Tracy Oliver is the epitome of what intentional success looks like. As a female screenwriter who didn’t feel she was getting her worth out of her successful scripts; instead of complaining she put the pieces of the puzzle together to figure out the next steps she needed to take.
Definitely Oliver realized the next steps for her in addition to writing screen plays had to be to become a producer and showrunner. It’s almost like after the success of Girls Trip which grossed over 100 million dollars at the box office (screenplay she co-wrote with Kenya Barris) a light-bulb went off that let Tracy know she was destined for greatness!
According to Indiewire.com:
“Girl’s Trip” screenwriter Tracy Y. Oliver got a career by getting mad. Before she became the co-star, writer, and producer on fellow Stanford University alum Issa Rae’s web series “The Misadventures of Awkward Black Girl,” she watched the 2009 ensemble rom-com “He’s Just Not That Into You” starring Ginnifer Goodwin, Jennifer Aniston, Jennifer Connelly and Scarlett Johansson. The film was set in Baltimore, which has a population that is 64% black and 30% white.
That let to a spec script: “Marriage Is for White People.” She said she wrote it in jest, but it stemmed from a very real response. “It had an all-white cast, which made little sense to me,” she said. “Baltimore is very black, and it felt like an aggressive erasure of people of color.
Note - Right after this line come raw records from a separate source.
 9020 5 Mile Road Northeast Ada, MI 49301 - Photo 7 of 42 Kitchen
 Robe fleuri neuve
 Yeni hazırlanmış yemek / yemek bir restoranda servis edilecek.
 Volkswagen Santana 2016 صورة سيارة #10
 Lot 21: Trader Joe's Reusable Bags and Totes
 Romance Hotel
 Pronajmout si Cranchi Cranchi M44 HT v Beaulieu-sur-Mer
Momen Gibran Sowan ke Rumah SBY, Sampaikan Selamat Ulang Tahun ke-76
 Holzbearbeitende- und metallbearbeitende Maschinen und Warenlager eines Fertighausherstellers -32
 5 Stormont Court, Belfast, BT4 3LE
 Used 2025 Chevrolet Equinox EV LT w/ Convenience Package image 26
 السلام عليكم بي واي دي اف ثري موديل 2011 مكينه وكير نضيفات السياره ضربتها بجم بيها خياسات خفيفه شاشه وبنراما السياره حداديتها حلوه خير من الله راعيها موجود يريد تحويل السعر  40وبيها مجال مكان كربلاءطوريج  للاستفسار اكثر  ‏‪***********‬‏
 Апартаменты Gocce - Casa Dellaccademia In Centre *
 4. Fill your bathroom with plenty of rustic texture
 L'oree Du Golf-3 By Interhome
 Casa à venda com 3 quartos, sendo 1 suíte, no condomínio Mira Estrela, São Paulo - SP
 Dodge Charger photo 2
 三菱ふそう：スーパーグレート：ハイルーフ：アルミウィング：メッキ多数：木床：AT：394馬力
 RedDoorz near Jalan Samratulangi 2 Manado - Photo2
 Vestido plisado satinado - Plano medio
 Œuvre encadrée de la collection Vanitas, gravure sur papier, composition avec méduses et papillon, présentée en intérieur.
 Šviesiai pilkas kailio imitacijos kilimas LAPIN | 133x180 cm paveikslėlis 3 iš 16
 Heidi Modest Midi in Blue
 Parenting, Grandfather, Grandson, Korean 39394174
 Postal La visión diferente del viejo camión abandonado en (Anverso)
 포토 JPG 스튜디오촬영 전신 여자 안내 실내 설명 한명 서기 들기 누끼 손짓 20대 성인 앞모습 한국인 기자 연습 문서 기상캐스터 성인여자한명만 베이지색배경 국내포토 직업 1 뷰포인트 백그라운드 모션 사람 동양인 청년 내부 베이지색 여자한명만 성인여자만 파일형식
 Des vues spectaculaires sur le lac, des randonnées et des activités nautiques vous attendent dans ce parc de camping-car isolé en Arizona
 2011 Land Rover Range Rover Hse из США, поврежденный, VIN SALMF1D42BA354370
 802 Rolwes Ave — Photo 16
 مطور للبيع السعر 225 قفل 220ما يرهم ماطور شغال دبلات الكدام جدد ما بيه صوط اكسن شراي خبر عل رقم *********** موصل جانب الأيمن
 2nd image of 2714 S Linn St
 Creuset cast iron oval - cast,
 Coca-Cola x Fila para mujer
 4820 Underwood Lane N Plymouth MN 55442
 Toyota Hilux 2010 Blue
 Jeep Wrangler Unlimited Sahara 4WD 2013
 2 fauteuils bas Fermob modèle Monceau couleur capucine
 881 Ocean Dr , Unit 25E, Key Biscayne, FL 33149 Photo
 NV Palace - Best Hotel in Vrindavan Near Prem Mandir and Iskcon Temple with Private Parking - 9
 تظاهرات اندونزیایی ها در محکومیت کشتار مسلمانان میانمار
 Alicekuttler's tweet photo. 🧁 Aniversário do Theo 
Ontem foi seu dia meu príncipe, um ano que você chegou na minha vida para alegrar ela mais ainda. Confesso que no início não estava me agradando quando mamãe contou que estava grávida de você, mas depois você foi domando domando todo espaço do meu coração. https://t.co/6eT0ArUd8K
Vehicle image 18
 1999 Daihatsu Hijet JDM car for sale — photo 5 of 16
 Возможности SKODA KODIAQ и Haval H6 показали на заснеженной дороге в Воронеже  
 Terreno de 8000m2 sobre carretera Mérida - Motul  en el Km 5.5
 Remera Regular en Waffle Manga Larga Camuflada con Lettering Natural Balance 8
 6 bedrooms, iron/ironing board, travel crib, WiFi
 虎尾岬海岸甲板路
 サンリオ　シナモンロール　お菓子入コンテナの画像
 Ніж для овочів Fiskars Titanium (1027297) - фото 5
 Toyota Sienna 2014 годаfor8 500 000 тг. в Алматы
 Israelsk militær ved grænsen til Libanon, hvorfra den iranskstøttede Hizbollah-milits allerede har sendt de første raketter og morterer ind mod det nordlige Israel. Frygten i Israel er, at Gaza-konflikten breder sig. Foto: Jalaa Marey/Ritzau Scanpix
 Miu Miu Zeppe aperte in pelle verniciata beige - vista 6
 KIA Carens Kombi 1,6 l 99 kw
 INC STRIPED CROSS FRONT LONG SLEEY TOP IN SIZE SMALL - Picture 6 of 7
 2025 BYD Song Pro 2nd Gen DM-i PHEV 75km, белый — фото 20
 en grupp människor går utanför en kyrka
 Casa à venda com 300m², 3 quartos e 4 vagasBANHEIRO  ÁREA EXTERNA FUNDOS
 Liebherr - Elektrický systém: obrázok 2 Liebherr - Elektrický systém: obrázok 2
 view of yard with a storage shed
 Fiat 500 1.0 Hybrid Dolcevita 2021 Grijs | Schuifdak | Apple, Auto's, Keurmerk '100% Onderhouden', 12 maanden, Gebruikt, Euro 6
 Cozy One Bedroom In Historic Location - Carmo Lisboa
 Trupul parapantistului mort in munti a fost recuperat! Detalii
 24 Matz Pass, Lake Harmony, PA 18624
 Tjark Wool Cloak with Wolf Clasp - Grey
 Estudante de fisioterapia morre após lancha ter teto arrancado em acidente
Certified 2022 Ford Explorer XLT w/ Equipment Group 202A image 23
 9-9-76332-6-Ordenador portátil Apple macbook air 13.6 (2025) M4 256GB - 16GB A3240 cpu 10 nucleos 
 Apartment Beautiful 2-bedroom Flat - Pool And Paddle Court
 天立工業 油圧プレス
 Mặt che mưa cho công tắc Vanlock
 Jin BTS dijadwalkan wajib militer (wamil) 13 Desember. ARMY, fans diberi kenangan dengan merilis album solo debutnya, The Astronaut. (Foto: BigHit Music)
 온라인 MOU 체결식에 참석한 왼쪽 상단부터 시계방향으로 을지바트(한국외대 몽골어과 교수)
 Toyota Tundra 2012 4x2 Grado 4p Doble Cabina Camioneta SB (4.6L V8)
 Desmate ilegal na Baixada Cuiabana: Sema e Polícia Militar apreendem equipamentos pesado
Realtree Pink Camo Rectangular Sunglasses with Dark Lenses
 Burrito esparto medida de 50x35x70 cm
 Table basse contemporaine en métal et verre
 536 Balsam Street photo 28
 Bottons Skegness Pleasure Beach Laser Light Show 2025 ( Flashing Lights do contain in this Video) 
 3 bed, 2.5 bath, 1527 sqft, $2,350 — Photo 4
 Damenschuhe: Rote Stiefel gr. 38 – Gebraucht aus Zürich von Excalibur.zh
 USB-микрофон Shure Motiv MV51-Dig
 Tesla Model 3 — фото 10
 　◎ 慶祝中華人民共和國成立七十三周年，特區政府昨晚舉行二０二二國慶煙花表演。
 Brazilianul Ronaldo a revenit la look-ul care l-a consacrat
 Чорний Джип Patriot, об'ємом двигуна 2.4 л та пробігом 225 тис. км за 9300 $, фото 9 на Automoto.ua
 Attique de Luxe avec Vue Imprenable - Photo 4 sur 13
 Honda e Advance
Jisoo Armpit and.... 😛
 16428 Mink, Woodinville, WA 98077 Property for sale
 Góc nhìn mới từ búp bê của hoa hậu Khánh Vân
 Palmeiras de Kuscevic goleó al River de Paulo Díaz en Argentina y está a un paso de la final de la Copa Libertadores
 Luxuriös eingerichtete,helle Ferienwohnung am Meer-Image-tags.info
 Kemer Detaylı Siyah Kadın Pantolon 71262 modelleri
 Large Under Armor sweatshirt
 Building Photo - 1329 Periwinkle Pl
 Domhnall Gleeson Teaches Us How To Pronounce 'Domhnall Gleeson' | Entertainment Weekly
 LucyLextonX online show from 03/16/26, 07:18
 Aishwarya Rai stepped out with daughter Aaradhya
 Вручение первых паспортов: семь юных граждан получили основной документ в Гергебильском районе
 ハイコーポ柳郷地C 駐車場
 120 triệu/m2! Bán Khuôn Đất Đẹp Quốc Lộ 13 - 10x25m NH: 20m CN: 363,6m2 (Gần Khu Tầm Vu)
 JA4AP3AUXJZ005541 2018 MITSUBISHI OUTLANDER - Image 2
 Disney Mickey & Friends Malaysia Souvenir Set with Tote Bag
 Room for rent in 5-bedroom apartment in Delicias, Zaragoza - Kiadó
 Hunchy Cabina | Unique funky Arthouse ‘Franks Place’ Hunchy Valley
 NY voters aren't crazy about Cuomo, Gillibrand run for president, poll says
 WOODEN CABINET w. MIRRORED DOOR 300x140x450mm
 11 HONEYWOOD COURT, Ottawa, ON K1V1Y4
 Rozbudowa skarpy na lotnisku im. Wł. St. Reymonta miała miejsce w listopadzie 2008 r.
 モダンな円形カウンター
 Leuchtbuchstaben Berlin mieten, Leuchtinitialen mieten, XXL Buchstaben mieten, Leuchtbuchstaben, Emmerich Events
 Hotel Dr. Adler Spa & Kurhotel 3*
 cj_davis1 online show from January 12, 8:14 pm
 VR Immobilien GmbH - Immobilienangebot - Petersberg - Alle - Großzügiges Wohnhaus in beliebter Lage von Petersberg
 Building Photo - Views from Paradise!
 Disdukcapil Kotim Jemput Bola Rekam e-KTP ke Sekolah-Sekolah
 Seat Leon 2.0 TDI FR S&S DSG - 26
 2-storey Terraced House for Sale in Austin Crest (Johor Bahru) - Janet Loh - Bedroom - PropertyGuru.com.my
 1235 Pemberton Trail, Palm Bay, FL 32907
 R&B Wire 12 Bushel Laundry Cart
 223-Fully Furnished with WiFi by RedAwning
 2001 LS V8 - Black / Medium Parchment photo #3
So instead of just being upset about it, I thought, let me write my own ensemble version but will be all people of color.”
Since then, Oliver became the first African American woman to write a feature (with co-writer Kenya Barris) that grossed over $100 million domestic with “Girls Trip.” The film’s critical and commercial success led to a first-look deal with Topic Studios, and a work calendar that includes a serial adaptation of the 1996 dramedy “The First Wives Club,” a “Clueless” remake, and the adaptation of “The Sun Is Also a Star,” which Warner Bros. releases May 17.
Oliver said that while her spec script got Hollywood’s attention, she was dismayed to learn that her message seemed to lose something in translation. “It helped get me a reputation, although what I discovered from all the meetings I took is that if I wanted to advance, at least at the time, I had to write something ‘white’,” Oliver said. “That was really disheartening because one of the reasons I wanted to even do this was because I wanted to see myself and people I knew, reflected on screen.”
That led to the creation of “Awkward Black Girl,” which later became the precursor to HBO’s “Insecure.” “We weren’t making any money from it, because all of the money being made was reinvested back into the show,” Oliver said. “So I had to get a real job to be able to do other things that I hoped in the long run would pan out.”
Eventually, “Marriage Is for White People” made its way to Dan Fogelman (“This Is Us”), with whom Oliver shared a manager at the time. “He read it, thought it was hilarious, and then met with me and said that we should figure out a way to work on something,” she said. “And as soon as ‘Neighbors’ went to series, he made good on that and hired me.”